**Problem details**
Using the records below, output the stretch that opens with the line containing "Large pearl hoop earrings" and closes with the line containing "Shop Valentino Rockstud", exactly and including both lines, with nothing more.

**Material provided**
- Opening Delimiter -
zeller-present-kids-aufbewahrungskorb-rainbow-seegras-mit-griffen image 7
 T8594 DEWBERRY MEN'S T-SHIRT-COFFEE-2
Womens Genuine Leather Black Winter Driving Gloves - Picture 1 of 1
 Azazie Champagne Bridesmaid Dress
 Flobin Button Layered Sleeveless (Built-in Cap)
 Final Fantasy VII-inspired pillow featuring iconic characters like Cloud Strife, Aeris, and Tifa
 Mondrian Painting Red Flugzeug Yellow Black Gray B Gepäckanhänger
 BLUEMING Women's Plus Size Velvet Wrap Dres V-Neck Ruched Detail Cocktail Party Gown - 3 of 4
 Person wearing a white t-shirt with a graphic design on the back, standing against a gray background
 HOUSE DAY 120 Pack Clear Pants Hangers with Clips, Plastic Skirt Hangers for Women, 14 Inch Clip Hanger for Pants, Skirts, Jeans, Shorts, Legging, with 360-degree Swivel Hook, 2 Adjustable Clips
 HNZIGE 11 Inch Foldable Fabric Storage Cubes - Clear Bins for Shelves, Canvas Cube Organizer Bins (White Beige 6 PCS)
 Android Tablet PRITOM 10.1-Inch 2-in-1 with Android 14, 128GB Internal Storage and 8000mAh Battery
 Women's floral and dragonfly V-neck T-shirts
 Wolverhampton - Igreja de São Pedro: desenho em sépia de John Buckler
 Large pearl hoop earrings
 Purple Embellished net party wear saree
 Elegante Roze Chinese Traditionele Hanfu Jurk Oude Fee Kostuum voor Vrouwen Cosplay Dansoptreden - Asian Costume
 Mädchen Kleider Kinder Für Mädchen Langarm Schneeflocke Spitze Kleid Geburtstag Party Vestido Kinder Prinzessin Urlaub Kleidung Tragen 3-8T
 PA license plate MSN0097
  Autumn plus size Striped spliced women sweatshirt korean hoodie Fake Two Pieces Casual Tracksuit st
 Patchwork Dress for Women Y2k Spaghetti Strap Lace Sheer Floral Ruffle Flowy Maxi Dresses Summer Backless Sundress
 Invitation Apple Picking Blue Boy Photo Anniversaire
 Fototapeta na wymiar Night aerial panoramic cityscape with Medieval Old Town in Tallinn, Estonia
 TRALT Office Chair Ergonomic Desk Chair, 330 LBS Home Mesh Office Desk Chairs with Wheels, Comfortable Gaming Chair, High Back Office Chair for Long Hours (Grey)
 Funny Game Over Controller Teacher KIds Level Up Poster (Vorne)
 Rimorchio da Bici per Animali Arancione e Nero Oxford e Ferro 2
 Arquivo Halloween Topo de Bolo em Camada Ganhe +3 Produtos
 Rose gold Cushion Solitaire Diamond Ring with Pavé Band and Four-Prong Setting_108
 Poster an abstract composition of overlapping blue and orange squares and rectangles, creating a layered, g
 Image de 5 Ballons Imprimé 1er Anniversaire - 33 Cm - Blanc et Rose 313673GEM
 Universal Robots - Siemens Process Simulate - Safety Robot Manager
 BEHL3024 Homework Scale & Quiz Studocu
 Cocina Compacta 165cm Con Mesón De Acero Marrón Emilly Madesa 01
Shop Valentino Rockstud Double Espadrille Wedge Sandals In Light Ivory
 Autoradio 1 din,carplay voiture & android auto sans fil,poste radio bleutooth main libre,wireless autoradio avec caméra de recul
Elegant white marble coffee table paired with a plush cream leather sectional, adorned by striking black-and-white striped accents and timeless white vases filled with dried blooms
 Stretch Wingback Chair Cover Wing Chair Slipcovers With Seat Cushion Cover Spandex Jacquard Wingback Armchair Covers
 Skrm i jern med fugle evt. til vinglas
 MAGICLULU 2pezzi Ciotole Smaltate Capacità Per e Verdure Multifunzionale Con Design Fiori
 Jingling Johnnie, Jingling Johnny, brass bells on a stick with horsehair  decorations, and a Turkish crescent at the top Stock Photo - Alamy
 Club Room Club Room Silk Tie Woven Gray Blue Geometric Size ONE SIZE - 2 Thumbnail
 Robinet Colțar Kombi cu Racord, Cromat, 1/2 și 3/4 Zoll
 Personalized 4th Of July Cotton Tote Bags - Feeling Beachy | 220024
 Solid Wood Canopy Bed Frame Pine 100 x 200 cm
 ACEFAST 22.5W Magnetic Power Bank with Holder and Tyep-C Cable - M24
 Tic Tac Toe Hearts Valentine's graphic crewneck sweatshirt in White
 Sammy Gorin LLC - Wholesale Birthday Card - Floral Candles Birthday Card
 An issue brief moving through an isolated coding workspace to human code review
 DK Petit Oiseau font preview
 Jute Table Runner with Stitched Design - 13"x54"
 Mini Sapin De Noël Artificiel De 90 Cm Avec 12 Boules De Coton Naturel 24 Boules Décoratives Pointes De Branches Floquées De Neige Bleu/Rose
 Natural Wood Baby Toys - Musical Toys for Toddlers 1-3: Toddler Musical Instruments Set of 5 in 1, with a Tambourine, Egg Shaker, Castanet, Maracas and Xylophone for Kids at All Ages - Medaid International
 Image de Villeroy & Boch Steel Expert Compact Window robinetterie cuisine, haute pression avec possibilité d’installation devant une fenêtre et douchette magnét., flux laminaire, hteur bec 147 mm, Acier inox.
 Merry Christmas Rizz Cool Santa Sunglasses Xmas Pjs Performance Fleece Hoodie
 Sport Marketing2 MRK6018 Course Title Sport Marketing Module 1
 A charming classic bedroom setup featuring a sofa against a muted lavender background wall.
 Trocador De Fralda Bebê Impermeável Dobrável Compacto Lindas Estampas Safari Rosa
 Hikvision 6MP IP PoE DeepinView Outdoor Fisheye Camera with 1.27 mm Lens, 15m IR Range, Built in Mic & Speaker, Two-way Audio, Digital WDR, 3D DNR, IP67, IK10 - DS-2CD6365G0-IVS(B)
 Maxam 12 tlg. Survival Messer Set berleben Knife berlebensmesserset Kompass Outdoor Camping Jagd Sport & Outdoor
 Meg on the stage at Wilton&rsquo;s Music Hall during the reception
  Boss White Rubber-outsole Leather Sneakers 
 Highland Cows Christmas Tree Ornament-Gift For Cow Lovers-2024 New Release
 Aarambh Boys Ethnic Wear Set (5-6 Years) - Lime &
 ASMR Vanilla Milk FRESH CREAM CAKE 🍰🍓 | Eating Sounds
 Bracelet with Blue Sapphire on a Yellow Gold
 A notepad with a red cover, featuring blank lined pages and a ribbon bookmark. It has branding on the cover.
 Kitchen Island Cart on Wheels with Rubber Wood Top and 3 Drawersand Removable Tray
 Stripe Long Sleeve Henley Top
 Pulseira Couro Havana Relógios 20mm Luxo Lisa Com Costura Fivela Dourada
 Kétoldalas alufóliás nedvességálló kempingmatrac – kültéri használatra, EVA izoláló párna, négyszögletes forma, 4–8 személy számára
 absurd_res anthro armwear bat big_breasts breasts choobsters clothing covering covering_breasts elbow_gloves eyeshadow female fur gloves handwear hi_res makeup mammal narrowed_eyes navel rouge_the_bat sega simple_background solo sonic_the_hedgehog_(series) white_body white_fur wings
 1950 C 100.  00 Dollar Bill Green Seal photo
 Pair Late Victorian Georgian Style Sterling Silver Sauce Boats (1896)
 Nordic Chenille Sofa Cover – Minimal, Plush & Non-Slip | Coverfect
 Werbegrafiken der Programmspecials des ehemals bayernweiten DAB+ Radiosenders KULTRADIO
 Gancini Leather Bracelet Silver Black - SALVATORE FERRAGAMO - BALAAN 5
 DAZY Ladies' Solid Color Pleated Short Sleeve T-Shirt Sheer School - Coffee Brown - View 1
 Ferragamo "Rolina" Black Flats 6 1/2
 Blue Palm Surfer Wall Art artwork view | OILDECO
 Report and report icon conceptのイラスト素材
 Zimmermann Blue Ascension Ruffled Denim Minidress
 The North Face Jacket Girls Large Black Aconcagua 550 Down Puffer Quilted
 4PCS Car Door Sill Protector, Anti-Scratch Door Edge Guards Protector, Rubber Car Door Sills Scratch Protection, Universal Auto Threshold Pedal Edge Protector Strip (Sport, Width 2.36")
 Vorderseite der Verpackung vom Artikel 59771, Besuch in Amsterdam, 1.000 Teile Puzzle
- Closing Delimiter -
**Task answer**
 Large pearl hoop earrings
 Purple Embellished net party wear saree
 Elegante Roze Chinese Traditionele Hanfu Jurk Oude Fee Kostuum voor Vrouwen Cosplay Dansoptreden - Asian Costume
 Mädchen Kleider Kinder Für Mädchen Langarm Schneeflocke Spitze Kleid Geburtstag Party Vestido Kinder Prinzessin Urlaub Kleidung Tragen 3-8T
 PA license plate MSN0097
  Autumn plus size Striped spliced women sweatshirt korean hoodie Fake Two Pieces Casual Tracksuit st
 Patchwork Dress for Women Y2k Spaghetti Strap Lace Sheer Floral Ruffle Flowy Maxi Dresses Summer Backless Sundress
 Invitation Apple Picking Blue Boy Photo Anniversaire
 Fototapeta na wymiar Night aerial panoramic cityscape with Medieval Old Town in Tallinn, Estonia
 TRALT Office Chair Ergonomic Desk Chair, 330 LBS Home Mesh Office Desk Chairs with Wheels, Comfortable Gaming Chair, High Back Office Chair for Long Hours (Grey)
 Funny Game Over Controller Teacher KIds Level Up Poster (Vorne)
 Rimorchio da Bici per Animali Arancione e Nero Oxford e Ferro 2
 Arquivo Halloween Topo de Bolo em Camada Ganhe +3 Produtos
 Rose gold Cushion Solitaire Diamond Ring with Pavé Band and Four-Prong Setting_108
 Poster an abstract composition of overlapping blue and orange squares and rectangles, creating a layered, g
 Image de 5 Ballons Imprimé 1er Anniversaire - 33 Cm - Blanc et Rose 313673GEM
 Universal Robots - Siemens Process Simulate - Safety Robot Manager
 BEHL3024 Homework Scale & Quiz Studocu
 Cocina Compacta 165cm Con Mesón De Acero Marrón Emilly Madesa 01
Shop Valentino Rockstud Double Espadrille Wedge Sandals In Light Ivory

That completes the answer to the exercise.